Schirmerturm(No.6)が見えてきました。
城壁のところどころにハプスルブルク家、神聖ローマ帝国の象徴である「双頭の鷲」の装飾がありました。
二頭の獅子が双頭の鷲を囲っているのを見ると、スイス八州がハプスブルク家を破ったことを意味しているのかもしれません。
二頭の獅子が手に抑えている「青と白の旗」はルツェルンの州旗。
城壁に上り、東側を振り返る。
手前がPulverturm(No.7)、奥が2つ目の塔Allenwindenturm(No.8)です。
高さ27.5mのSchirmerturmの内部に入ります。
ルツェルンの塔の内部へ。
上るたびにギシギシときしむ木製の階段を上ります。
なかなかの急勾配です。
ルツェルンの鉄道駅方面を望む。
城壁を見おろして。
眺望のひらけた南側(旧市街側)の風景を見がちになってしまうものの、この城壁が旧市街を守るために建築されたと考えれば、当時町を守っていた兵士は北側を中心に見張っていたはず。
オーストリア軍を撃破したゼンパッハも、ルツェルンの町の北西約10kmの場所にあります。
現代の平和なルツェルンにおいては、バッファローが草を食べている姿を確認するのみでした。
9つの塔の中央にある時計塔Zytturm(Zeitturm、No.5)。
スイス中央部で最も古い時計塔は1535年から今も町の人々に時刻を伝えており、ロイス川沿いからも時計塔の文字盤をはっきりと確認できます。
カタカタと音を建てながら回るゼンマイ。
ルツェルンの町に時刻を伝える大きな鐘。
この時計塔の前では素敵な出会いもありました。
ルツェルンの旧市街を背景に。
しかし、城壁と塔の見学時間は19:00まで。
後ろ髪を引かれる思いですが、急がねばなりません。
霞がかかった山はピラトゥス山(Pilatus)。
あの山の向こうにあるユングフラウ三山と比べれば2分の1程度とはいえ、それでも標高2,128mあります。
城壁の上を歩けるのはここまで。
約600年前までは重要な役割を果たしていたと思われるWachtturm(No.4)も、現代では城壁と地上を繋ぐ階段としての機能しかありません。
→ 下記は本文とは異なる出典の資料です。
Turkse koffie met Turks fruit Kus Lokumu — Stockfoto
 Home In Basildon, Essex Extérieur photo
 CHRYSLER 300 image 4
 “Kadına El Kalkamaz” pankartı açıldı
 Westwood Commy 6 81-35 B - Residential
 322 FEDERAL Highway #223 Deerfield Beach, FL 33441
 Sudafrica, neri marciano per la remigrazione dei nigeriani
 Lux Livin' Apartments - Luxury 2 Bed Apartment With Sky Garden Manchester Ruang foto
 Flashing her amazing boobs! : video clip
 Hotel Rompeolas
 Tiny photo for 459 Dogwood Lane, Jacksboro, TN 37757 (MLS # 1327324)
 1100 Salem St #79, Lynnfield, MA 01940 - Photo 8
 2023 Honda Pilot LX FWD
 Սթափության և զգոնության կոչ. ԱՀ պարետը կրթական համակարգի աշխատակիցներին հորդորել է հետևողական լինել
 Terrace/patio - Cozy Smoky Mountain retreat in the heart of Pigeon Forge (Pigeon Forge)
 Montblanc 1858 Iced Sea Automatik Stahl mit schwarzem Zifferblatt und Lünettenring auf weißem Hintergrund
チェスの駒ルークのような形状をしたMännliturm(No.2)へ。
9つある塔の中で唯一「屋上からの展望」を楽しめます。
柱の間から東側を覗きこむと、手前にLuegislandturm(No.3)が見えます。
9つの塔の中で最も古い、1367年の建築です。
西側を見おろすと、ロイス川沿いにある塔、Nölliturm(No.1)。
夕焼け空の手前に浮かぶお城のような建物は、4つ星ホテル「Hotel Château Gütsch」。
中世の面影を残す、ルツェルンの町。
ロイス川のレベルまで一気に駆け下り、一番西の塔Nölliturm(No.1)へ。
ムーゼック城壁の場所・行き方・アクセス
ルツェルン駅から徒歩で向かう場合、一番西の塔「Nölliturm」まで徒歩13分。
一番東の塔まで徒歩11分です。
おわりに
ルツェルンの城壁と塔が興味深いのは「塔の意匠がすべて異なる城壁」という点です。
ムーゼック城壁の公式サイトの記述に以下のような一文がありました。
「あなたが軍事目的のためだけに壁を建てたのであれば、すべての塔を同じように建てたかもしれません。
ルツェルンの壁は軍事施設としてよりも、威信のある建物としてより重要でした。」
異教徒の攻撃から守るために建築された「スペイン アビラの城壁」や「クロアチア ドゥブロヴニクの城壁」とはまた違う、城壁としての機能はさることながら、どこか可愛らしさも兼ね備えた城壁・塔のように思います。